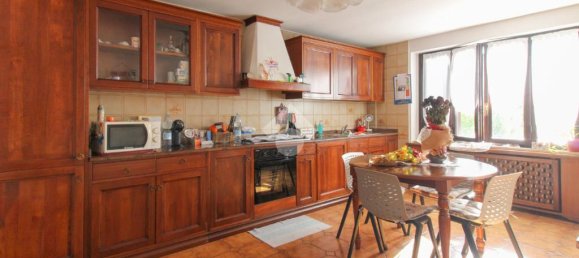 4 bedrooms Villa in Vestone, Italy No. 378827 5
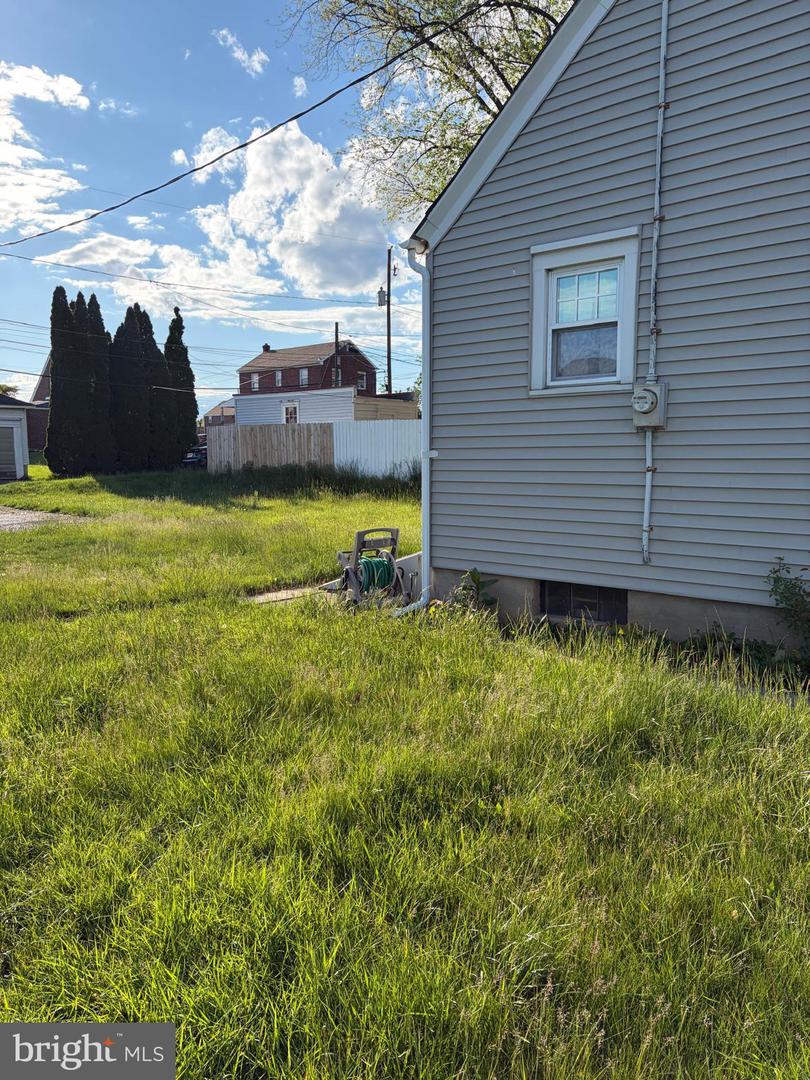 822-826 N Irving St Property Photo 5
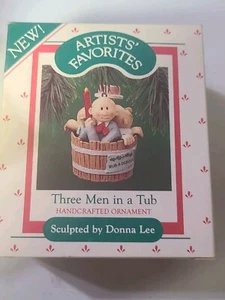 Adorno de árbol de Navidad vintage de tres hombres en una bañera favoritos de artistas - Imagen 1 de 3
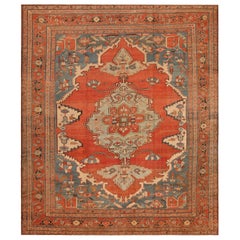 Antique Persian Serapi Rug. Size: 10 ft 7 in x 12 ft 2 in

-.-.-

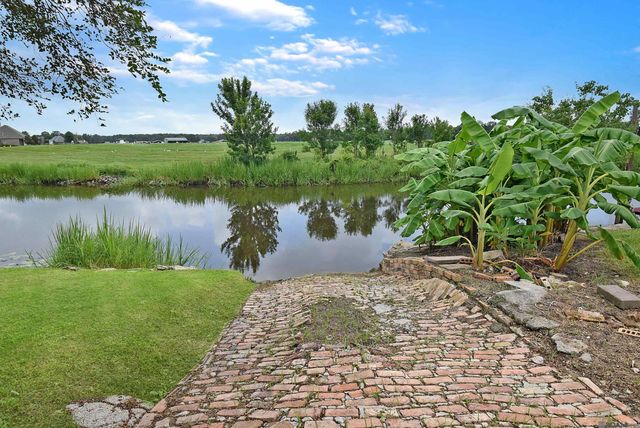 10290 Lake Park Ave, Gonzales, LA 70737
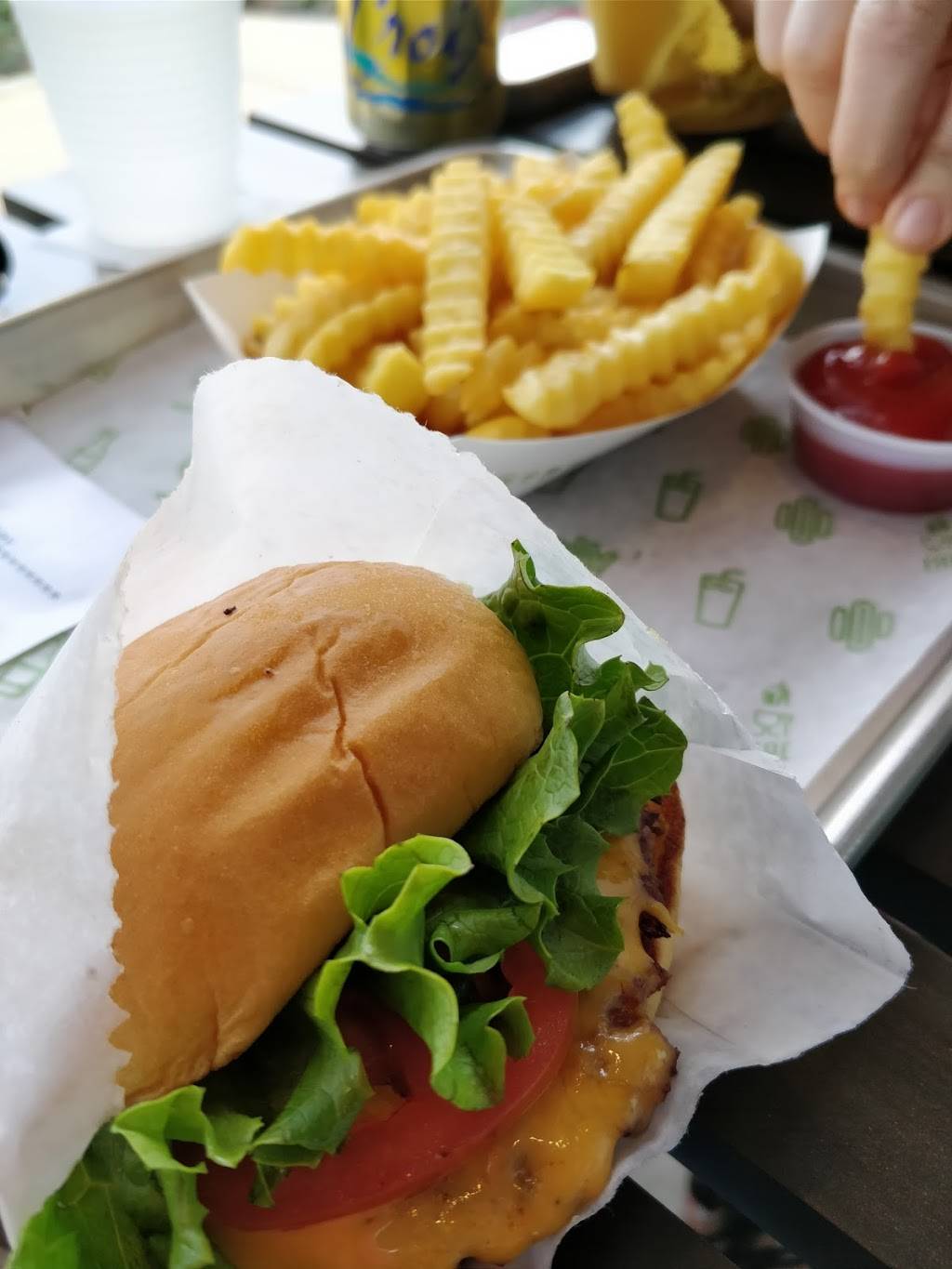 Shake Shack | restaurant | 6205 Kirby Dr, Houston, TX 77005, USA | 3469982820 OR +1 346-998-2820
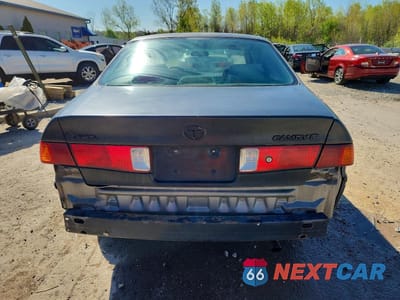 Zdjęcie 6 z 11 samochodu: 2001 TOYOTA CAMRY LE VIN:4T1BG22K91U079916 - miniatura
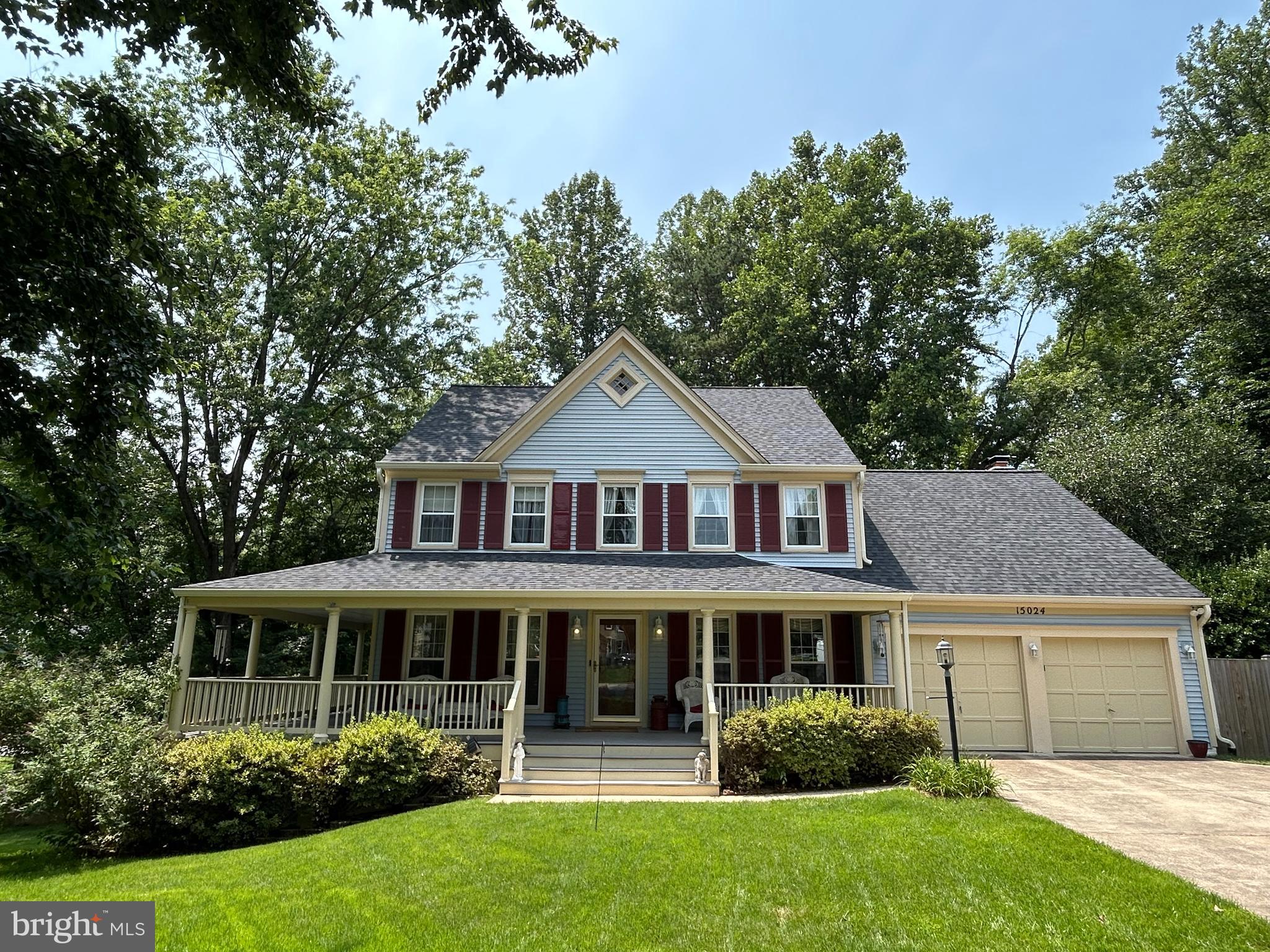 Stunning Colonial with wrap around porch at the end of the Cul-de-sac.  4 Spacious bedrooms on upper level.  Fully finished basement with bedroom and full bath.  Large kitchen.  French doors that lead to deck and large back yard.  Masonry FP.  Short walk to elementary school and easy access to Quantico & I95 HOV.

-.-.-

→ Problem details: Using the records above, return verbatim only the part that opens with the line containing "4 bedrooms Villa" and closes with the line containing "Antique Persian Serapi"; pictures stay out.

→ Result of the exercise:
 4 bedrooms Villa in Vestone, Italy No. 378827 5
 822-826 N Irving St Property Photo 5
 Adorno de árbol de Navidad vintage de tres hombres en una bañera favoritos de artistas - Imagen 1 de 3
 Antique Persian Serapi Rug. Size: 10 ft 7 in x 12 ft 2 in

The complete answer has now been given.